Per quanto riguarda la conoscenza, in teoria le intelligenze artificiali dovrebbero giocarsela alla pari con un insegnante in carne ed ossa. Ma hanno carisma e scioltezza? Un insegnamento di qualità parte anche da una buona interazione sociale. Che è poi il motivo per cui le lezioni dal vivo piacciono più di quelle a distanza. Quanto si può essere gratificante interagire con un software, con un algoritmo a forma di volto parlante? La riduzione della socialità durante la pandemia ha già compromesso il benessere mentale delle persone, in particolare quello dei più giovani, che hanno bisogno (anche) di una scuola vis a vis per costruire la propria identità.

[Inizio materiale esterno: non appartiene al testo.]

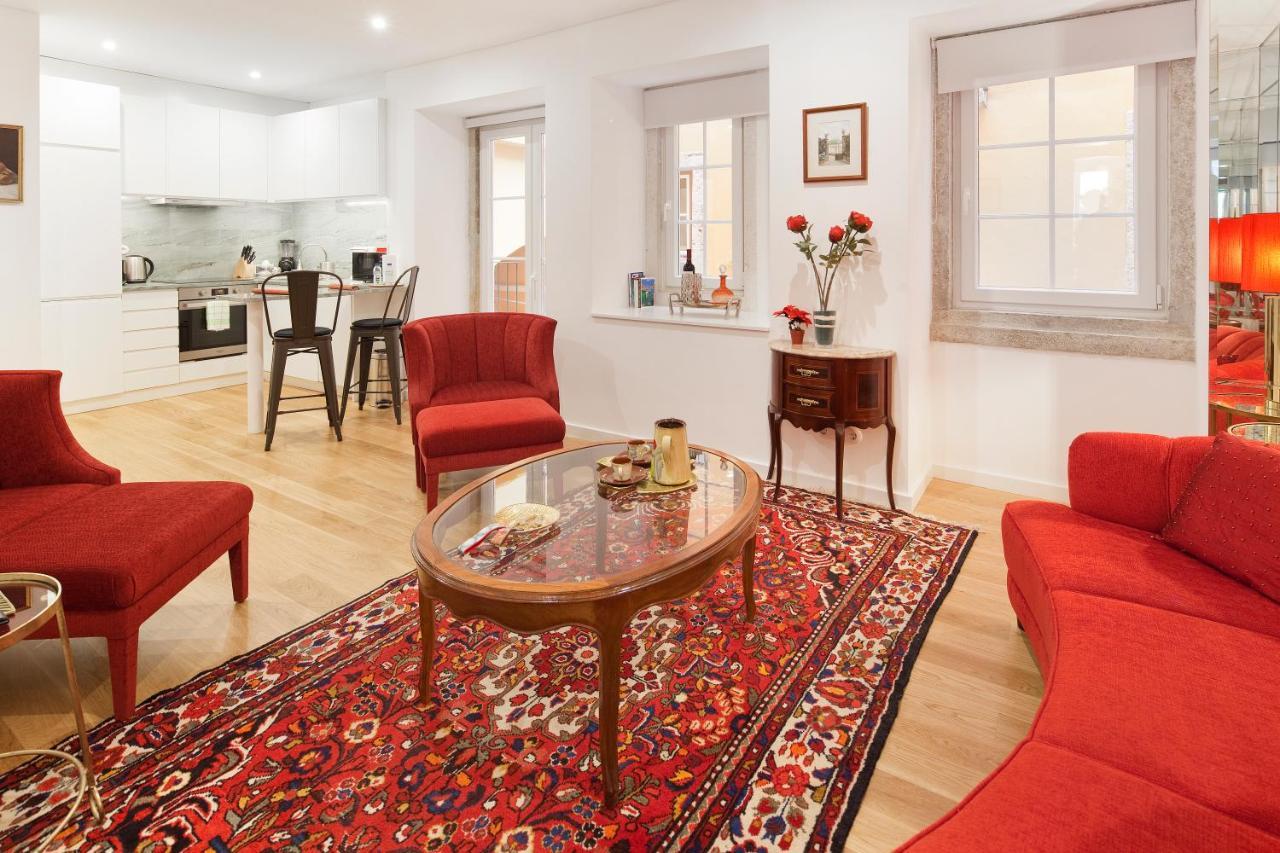 Apartment Chiado Lissabon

Inoltre, l’insegnamento attraverso intelligenza artificiale presenta limiti strutturali. Per esempio, l’essere legato a una tecnologia che prevede uno schermo e un collegamento a una rete elettrica. In teoria, basterebbe una caduta a terra oppure un black-out per interrompere una lezione. È noto, invece, che gli insegnanti in carne ed ossa non si spengono e non si rompono.
Intelligenza artificiale per insegnare a scuola – È il futuro oppure è meglio di niente?
Insegnare con le intelligenze artificiali presenta anche alcuni lati positivi. Un supplente digitale potrebbe essere un buon supporto per l’insegnante “umano” e aiutare gli studenti a ripetere i concetti fondamentali di ogni lezione. Nonostante resti una interazione digitale, potrebbe risultare più immediata e rapida del consultare il libro. Ripetere in questo modo potrebbe persino rivelarsi più efficace del previsto. La memoria auditiva, infatti, è più forte di quella visiva. È uno dei motivi per cui le certe persone preferiscono i podcast oppure gli audiolibri anziché leggere.
Senza contare che gli Avateacher potrebbero effettivamente aiutare quei paesi in cui c’è grande penuria di insegnanti. Sono più economici di questi ultimi, ma possiedono lo stesso un certo grado di adattabilità alle esigenze degli studenti. Quindi non andrebbero scartati a priori.
Negli ultimi tempi l’impiego del digitale a scopi educativi e lavorativi è molto aumentato. Persino in un settore tradizionalista come quello della scuola e dell’università, le lezioni a distanza sono un prassi quasi ovunque. Anche gli avatar virtuali sono un dato di fatto. È presto per dire che gli Avateacher sostituiranno del tutto gli insegnanti “classici”, ma è certo che il futuro della scuola (così come quello dell’intera società) si farà sempre più virtuale. Che ci piaccia oppure no.